La modernité de Mikel Arteta
« Je n'ai pas beaucoup de regrets sur ma carrière d'entraîneur. L'un d'entre eux est qu'à deux reprises, j'ai senti après 60 et 85 minutes, durant deux matches, qu'il fallait changer de gardien. Mais je n'ai pas eu le courage de le faire, alors que je suis capable de changer un ailier, un attaquant ou un défenseur central pour passer à cinq et tenir un résultat. Nous avons fait deux matches nuls et j'étais très malheureux. Un jour, quelqu'un va le faire et peut-être que ce sera la surprise. Pourquoi pas ? Nous avons toutes les qualités chez un autre gardien pour faire bouger les choses quand vous voulez changer de dynamique. Il faut le faire. »
« Nous avons toutes les qualités chez un autre gardien pour faire bouger les choses quand vous voulez changer de dynamique.
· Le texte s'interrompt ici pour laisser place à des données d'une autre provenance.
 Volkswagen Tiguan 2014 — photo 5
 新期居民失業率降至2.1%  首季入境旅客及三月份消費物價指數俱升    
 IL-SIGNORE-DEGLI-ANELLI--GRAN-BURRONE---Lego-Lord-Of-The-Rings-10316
Il faut le faire. »
Mikel Arteta
Les mots de Mikel Arteta après le match à Everton et la première titularisation de David Raya témoignent d'un raisonnement inhabituel. Mais ils invitent à la réflexion. « C'est quelque chose qui s'est toujours fait comme ça (d'avoir un numéro un et un numéro deux), mais je ne peux pas avoir deux joueurs comme ça au même poste et ne pas les faire jouer », ajoute l'Espagnol. Il considère le portier comme un joueur à part entière, qui peut entrer ou sortir du onze avec autant de facilité que les joueurs de champ et qui gagne à avoir un profil différent de son ou ses concurrents afin de se distinguer et de s'adapter à des situations diverses.
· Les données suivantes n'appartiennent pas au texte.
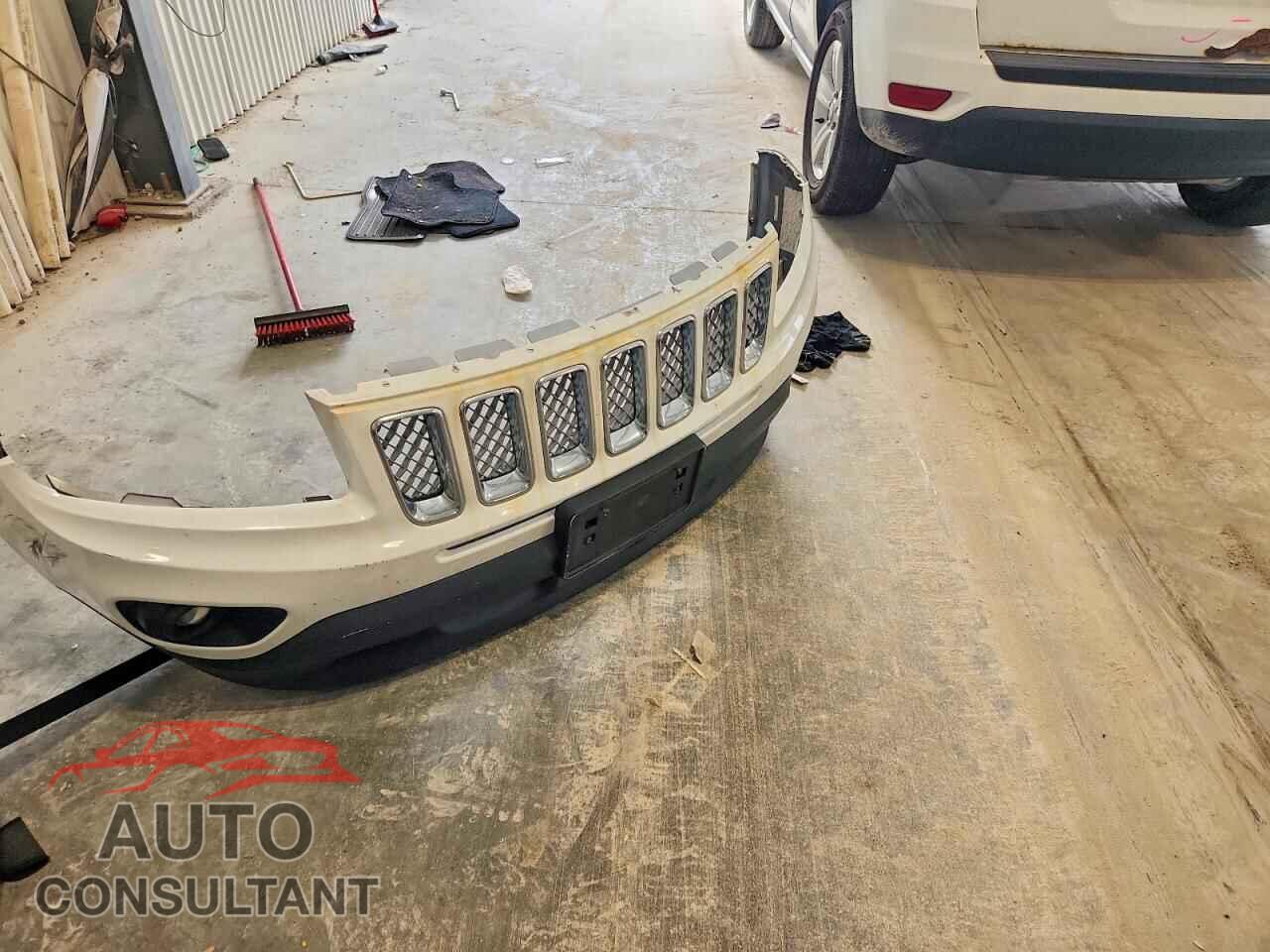 JEEP COMPASS 2014 - 1C4NJDEB1ED646054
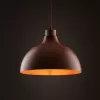 Подвесной светильник Cap 6927 Cap конус красный TK Lighting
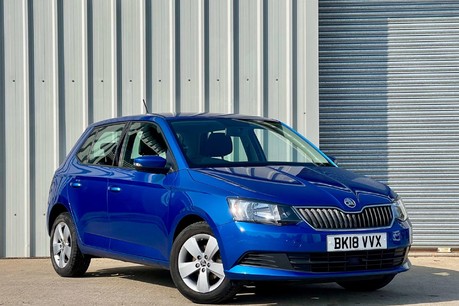 Skoda Fabia 1.0 Fabia SE TSI 5dr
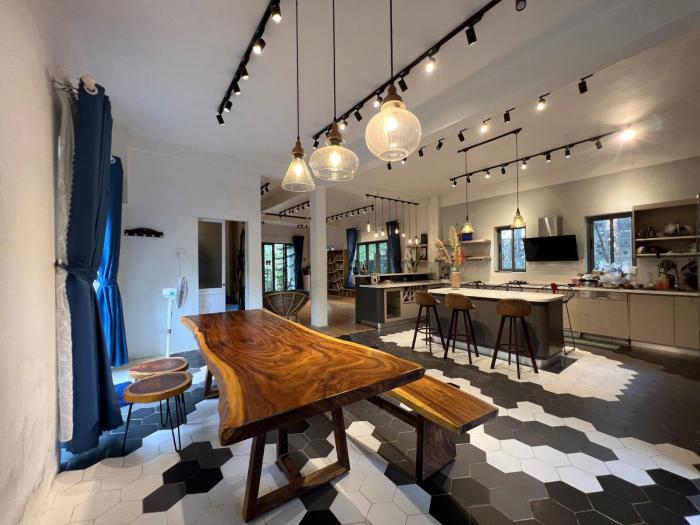 Dốc Mộng Mơ Homestay & Villa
Est-ce un discours de façade pour relativiser la relégation de Ramsdale sur le banc ou une véritable réflexion sur l'évolution du poste de gardien de but ? Est-il possible de voir un portier plus à l'aise sur sa ligne dans une rencontre où ses cages seront plus exposées et un autre aligné face à un pressing plus prononcé ou pour tenter d'exploiter son jeu court, long et sous pression ? Les questions sont posées, les réponses risquent toutefois de prendre du temps à se dessiner. D'autant que dans le football, comme partout ailleurs, les habitudes ont la vie dure. Quoi qu'il en soit, la première mission du gardien de but est et restera toujours de faire des arrêts, et là aussi, David Raya sait y faire.